Die Deutsche Flugsicherung bestätigte schließlich die Vorfälle ebenfalls gegenüber der dpa. "Die Radaranlagen wurden von einer externen Quelle gestört, es hat kein technisches Problem innerhalb der Deutschen Flugsicherung gegeben", sagte die Sprecherin und ließ dabei die wichtige Frage nach der Ursache weiterhin offen. Bislang sei eine solche Störung noch nie aufgetreten, so die Deutsche Flugsicherung. Auch Markus Pohanka von Austro Control erklärte gegenüber dem Standard, dass es so etwas noch nie im österreichischen Flugraum gegeben habe. Austro Control hat nun die europäische Luftfahrtbehörde Euro Control und die EU-Agentur für Flugsicherheit (Easa) gebeten, die die Vorfälle zu untersuchen.

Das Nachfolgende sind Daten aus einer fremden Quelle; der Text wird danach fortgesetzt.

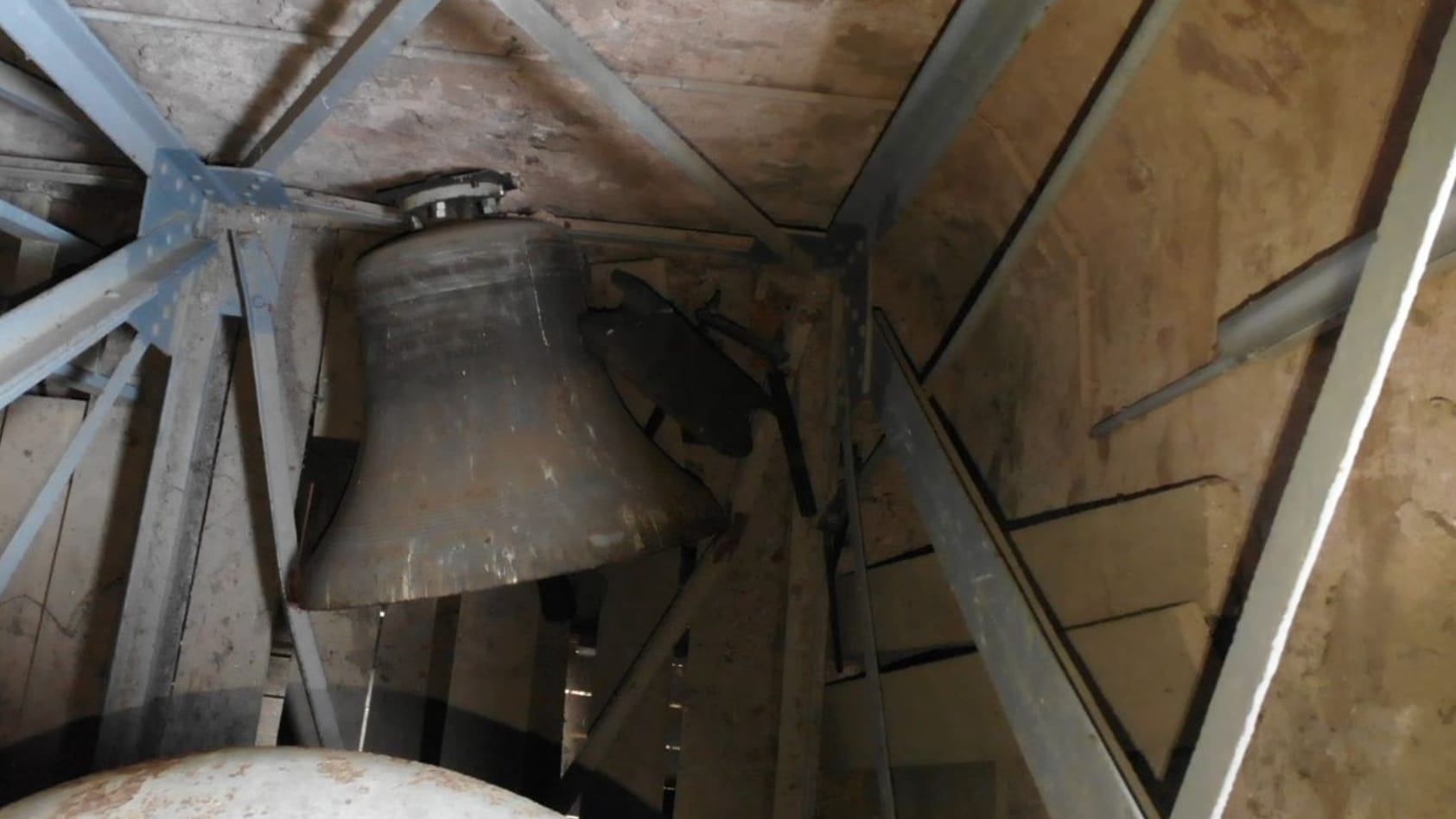 Die abgestürzte Glocke in Heusweiler: Während eines Gottesdienstes ist die Kirchenglocke heruntergefallen. Die abgestürzte Glocke in Heusweiler: Während eines Gottesdienstes ist die Kirchenglocke heruntergefallen.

Ausgefallen waren die Signale für das Sekundärradar, auf dem Primärradar seien die Flugzeuge weiterhin zu sehen gewesen. Ebenso wie die österreichische versicherte auch die deutsche Flugsicherung, dass die Sicherheit nicht gefährdet gewesen sei. Dennoch würde man gerne wissen, um welche externe Quelle es sich handelt oder wer hier herumspielt und eventuell doch die Sicherheit der zivilen Luftfahrt willkürlich und ohne Ankündigung gefährdet.

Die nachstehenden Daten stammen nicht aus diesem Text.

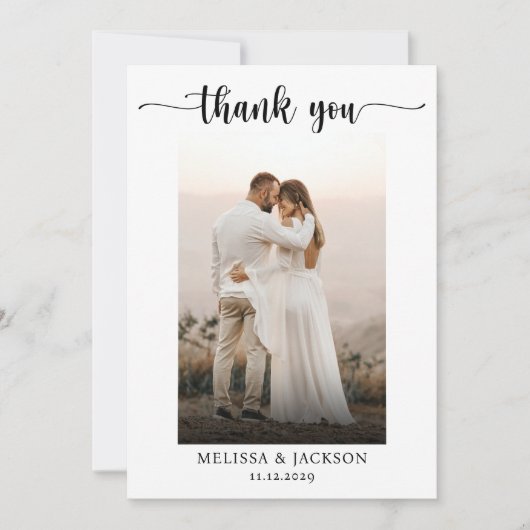 Modernes Script Black and White Wedding Foto Dankeskarte (Vorderseite)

Die Presse will nun von einem nicht näher benannten "Informanten", der Zugang zu Informationen der europäischen Flugsicherung besitzen soll, erfahren haben, dass die Störung doch vom Militär ausgegangen sei. Am 5. Juni soll es sich um ein AWACS-Aufklärungsflugzeug in Norditalien gehandelt haben, am 10. Juni um ein "noch nicht identifiziertes Objekt" in der Nähe der Ramstein Air Base., dem Hauptquartier der United States Air Forces in Europe und des Allied Air Command Ramstein der Nato. Von Ramstein aus sollen auch Drohnenangriffe in Pakistan, im Jemen oder in Afghanistan geplant und geleitet werden.

Die slowakische staatliche Firma Air Traffic Services hatten nach Reuters mitgeteilt, dass "das Verschwinden von Flugzeugen vom Radarschirm in Zusammenhang mit einer geplanten Militärübung am 5. und 10. Juni steht, deren Ziel die Störung von Funkfrequenzen war". Während die Flugzeuge von den Radarschirmen verschwunden gewesen seien, seien die Piloten in Funkkontakt mit den Fluglotsen gestanden. Als man das Problem erkannt habe, sei man sofort in Kontakt mit den Verantwortlichen getreten, die die Übung gestoppt hätten. Nicht mitgeteilt wird, wer der Verursacher war und warum das Militär so leichtsinnig war, die Signale für die zivile Luftfahrt willkürlich oder versehentlich zu stören.

Während am 5. Juni die Flugzeuge nur für 25 Minuten von den Radarschirmen verschwunden waren, dauerte dies am 10. Juni immerhin eineinhalb Stunden. Immerhin gehört der europäische Luftraum zu den weltweit am dichtesten benutzten. Man sollte eigentlich erwarten, dass die für die Übungen verantwortlichen Militärs bzw. die Verantwortlichen in den Ministerien auch gegenüber der Öffentlichkeit die Ursachen der Vorfälle bekannt machen und zu ihrer Verantwortung stehen.